(ABOUT THIS EXERCISE) Only the lines from the one with "Davis Haunted House screenshot 7" through the final line below belong in the answer, copied exactly and without pictures.
....................
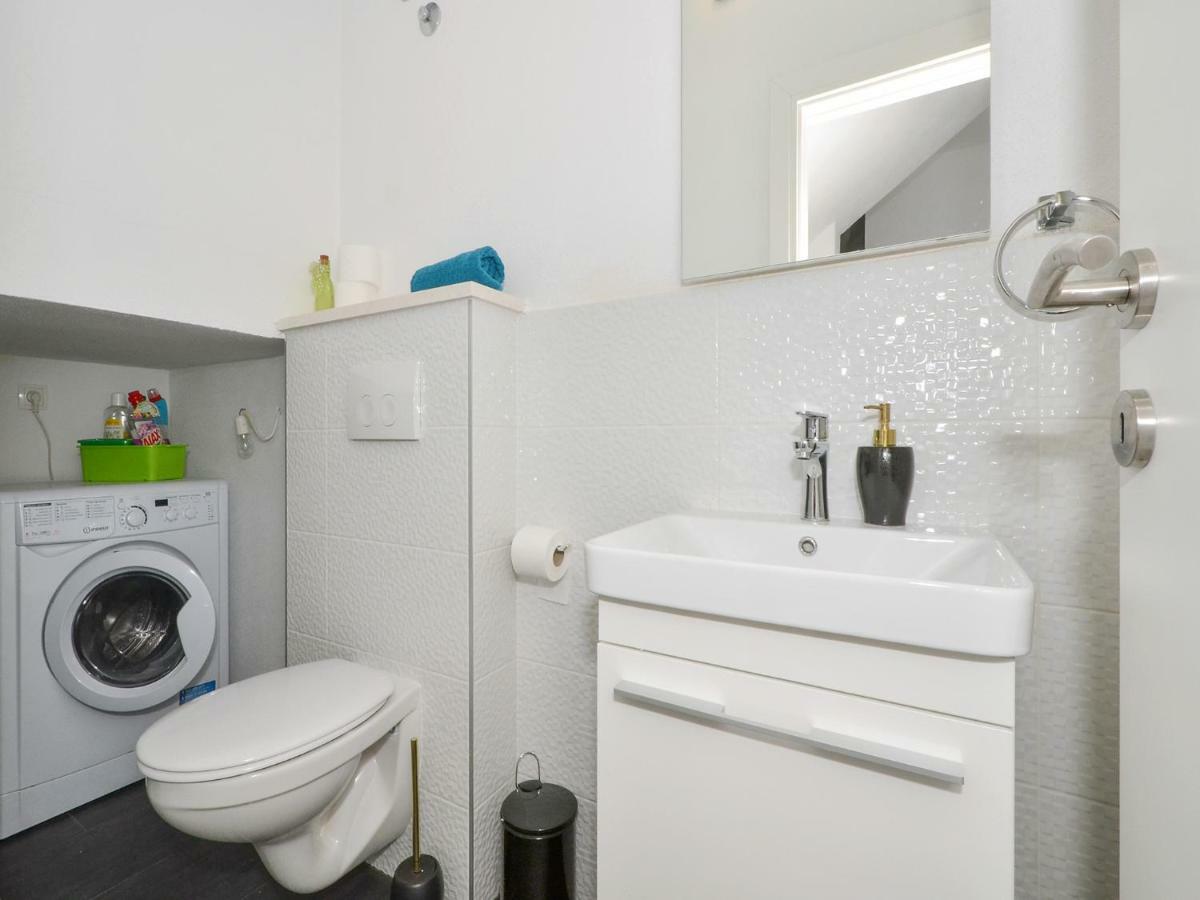 Deluxe Apartman Porto Trogir Zewnętrze zdjęcie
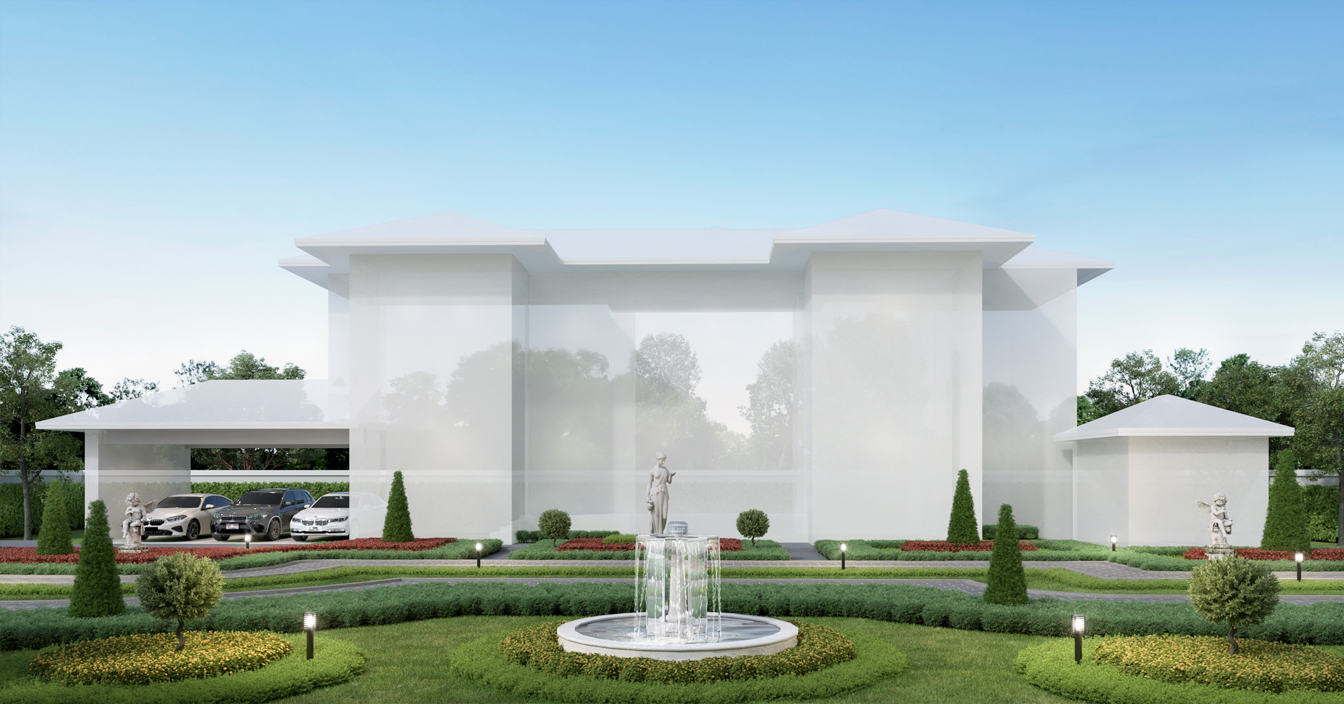 Exterior Scene Volume 6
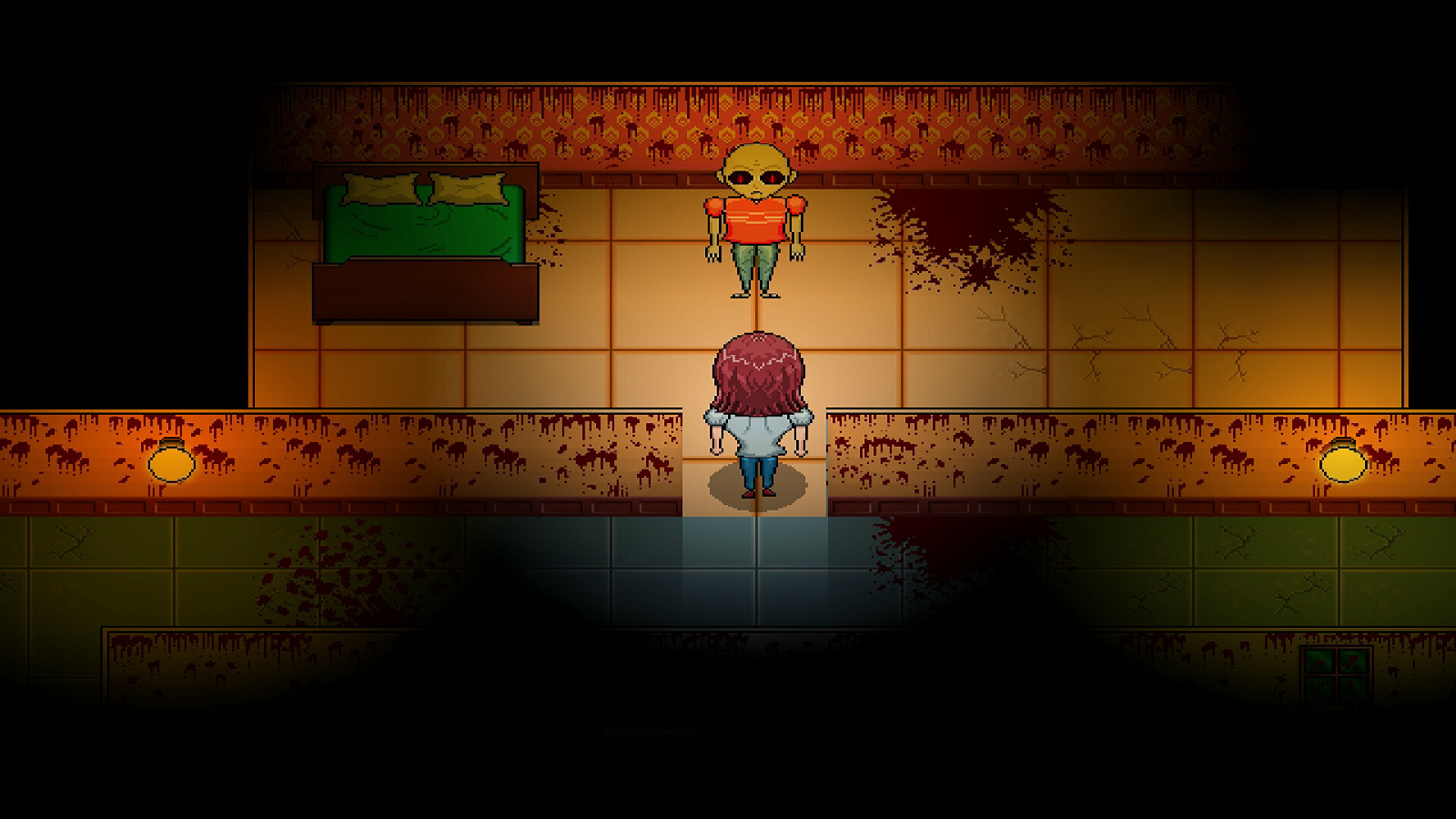 Davis Haunted House screenshot 7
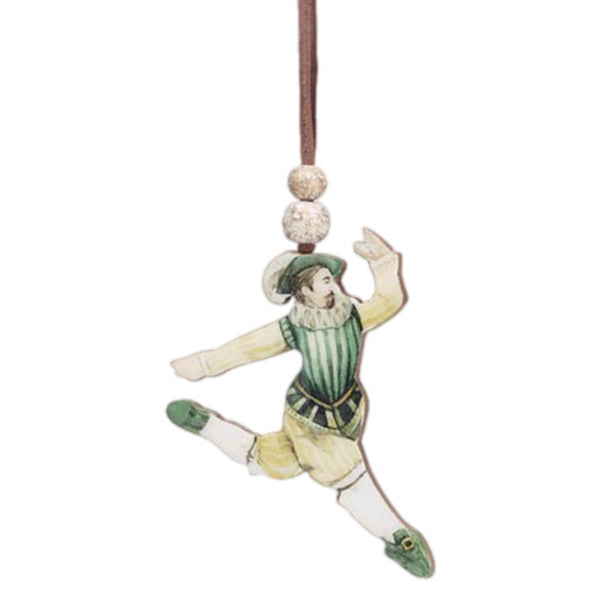 Assorted 12 Days Of Christmas Ornament, INDIVIDUALLY SOLD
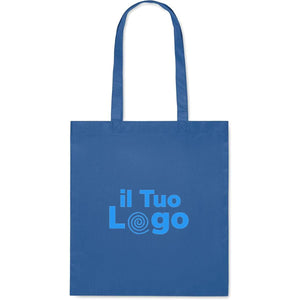 Shopper in TNT RPET 38x42 cm - personalizzabile con logo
....................
(TASK RESPONSE)
 Davis Haunted House screenshot 7
 Assorted 12 Days Of Christmas Ornament, INDIVIDUALLY SOLD
 Shopper in TNT RPET 38x42 cm - personalizzabile con logo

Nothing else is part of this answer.